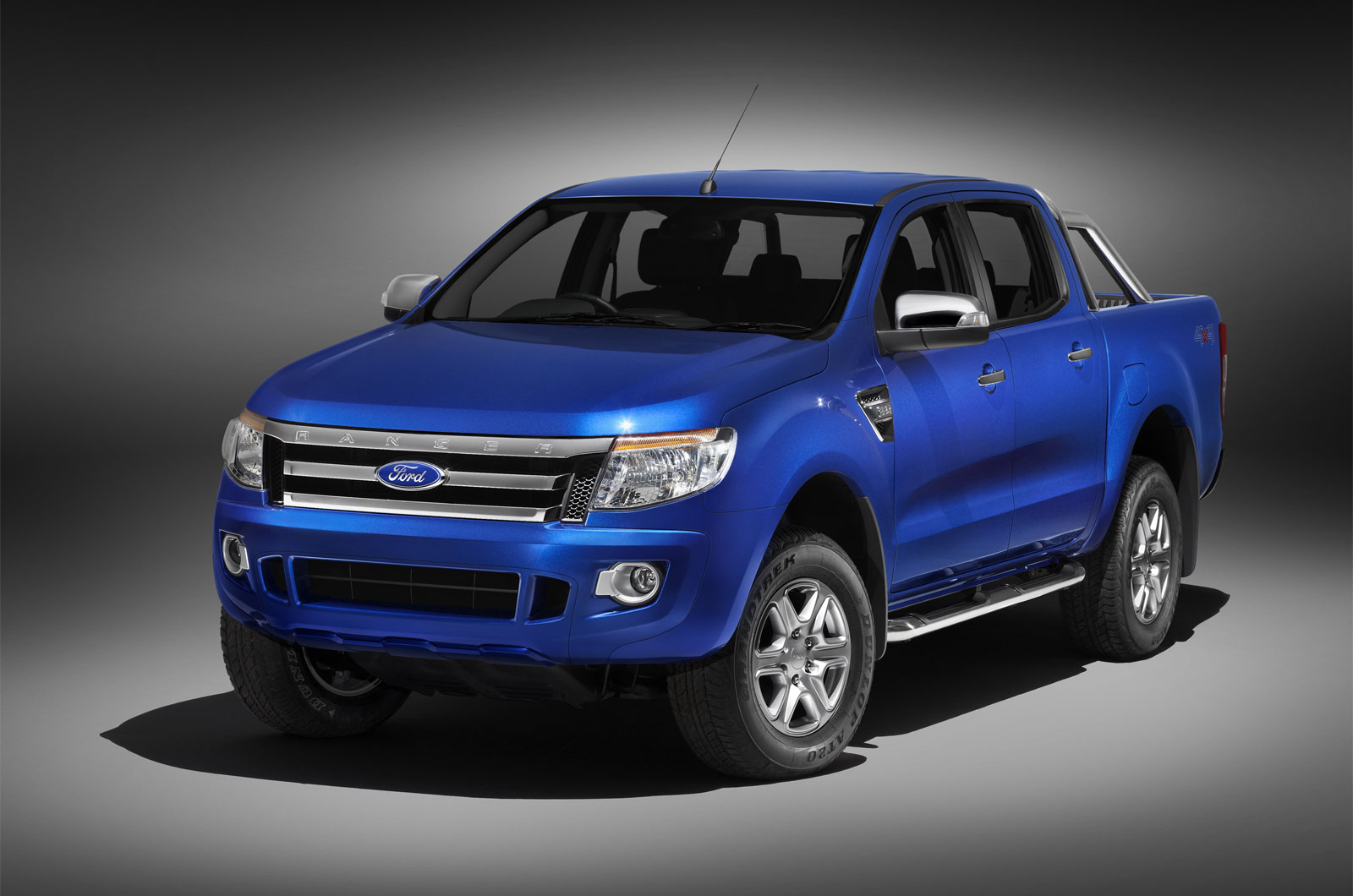 High Resolution Wallpaper | Ford Ranger Double Cab 1600x1060 px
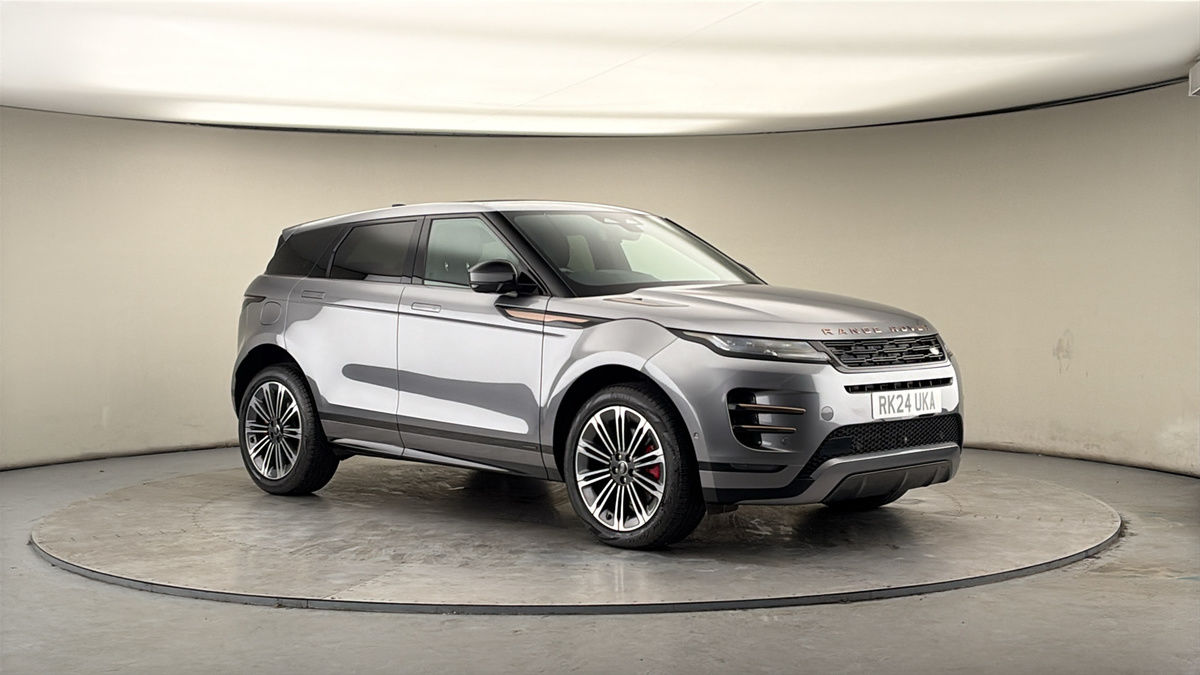 Used Land Rover Range Rover Evoque 2024 for sale - 78018078: Photo 34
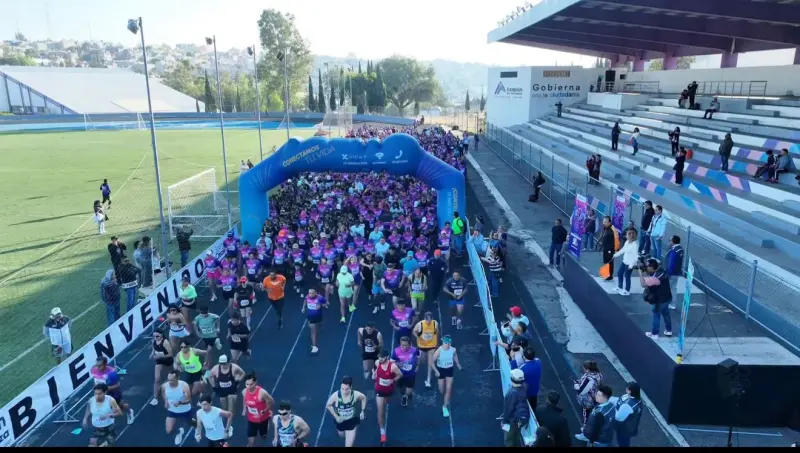 Reúne Atizapán a cientos de familias en gran festejo dominical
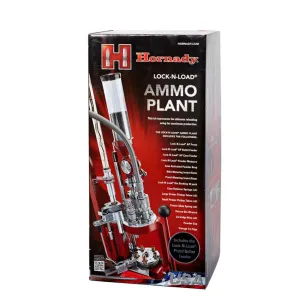 Hornady Lock-N-Load Ammo Plant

•••

Print the material again, unchanged, without its pictures.

EXPECTED ANSWER =
 High Resolution Wallpaper | Ford Ranger Double Cab 1600x1060 px
 Used Land Rover Range Rover Evoque 2024 for sale - 78018078: Photo 34
 Reúne Atizapán a cientos de familias en gran festejo dominical
 Hornady Lock-N-Load Ammo Plant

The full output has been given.